╭──

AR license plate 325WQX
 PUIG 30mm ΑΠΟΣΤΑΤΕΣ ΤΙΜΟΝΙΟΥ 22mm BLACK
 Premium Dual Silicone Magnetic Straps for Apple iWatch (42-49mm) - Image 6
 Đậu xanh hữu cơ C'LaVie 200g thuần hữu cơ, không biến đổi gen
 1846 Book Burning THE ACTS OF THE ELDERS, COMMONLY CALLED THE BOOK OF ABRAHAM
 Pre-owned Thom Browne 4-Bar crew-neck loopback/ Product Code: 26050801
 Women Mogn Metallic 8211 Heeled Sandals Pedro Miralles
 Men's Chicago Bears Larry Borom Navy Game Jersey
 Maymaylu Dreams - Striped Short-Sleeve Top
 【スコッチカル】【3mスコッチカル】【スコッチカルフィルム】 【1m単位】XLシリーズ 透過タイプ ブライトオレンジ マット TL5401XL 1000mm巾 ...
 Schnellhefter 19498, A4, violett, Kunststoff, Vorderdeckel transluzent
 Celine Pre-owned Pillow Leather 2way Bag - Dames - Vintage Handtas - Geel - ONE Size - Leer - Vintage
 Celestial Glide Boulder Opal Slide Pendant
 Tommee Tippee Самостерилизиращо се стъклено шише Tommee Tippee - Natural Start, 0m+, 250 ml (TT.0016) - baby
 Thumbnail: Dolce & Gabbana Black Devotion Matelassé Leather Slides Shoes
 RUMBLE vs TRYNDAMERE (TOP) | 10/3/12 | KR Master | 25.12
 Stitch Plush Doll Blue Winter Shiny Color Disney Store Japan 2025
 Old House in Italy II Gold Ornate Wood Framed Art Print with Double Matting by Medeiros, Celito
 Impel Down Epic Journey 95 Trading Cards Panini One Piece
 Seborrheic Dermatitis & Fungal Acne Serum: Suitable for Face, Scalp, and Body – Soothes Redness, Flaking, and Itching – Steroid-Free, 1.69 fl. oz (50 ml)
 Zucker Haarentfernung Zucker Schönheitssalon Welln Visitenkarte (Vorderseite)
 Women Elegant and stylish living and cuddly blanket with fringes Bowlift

╰──

◆ Problem description ◆
The word to find is "Leather". Copy every line of the records that holds it.

◆ Answer for the task ◆
 Celine Pre-owned Pillow Leather 2way Bag - Dames - Vintage Handtas - Geel - ONE Size - Leer - Vintage
 Thumbnail: Dolce & Gabbana Black Devotion Matelassé Leather Slides Shoes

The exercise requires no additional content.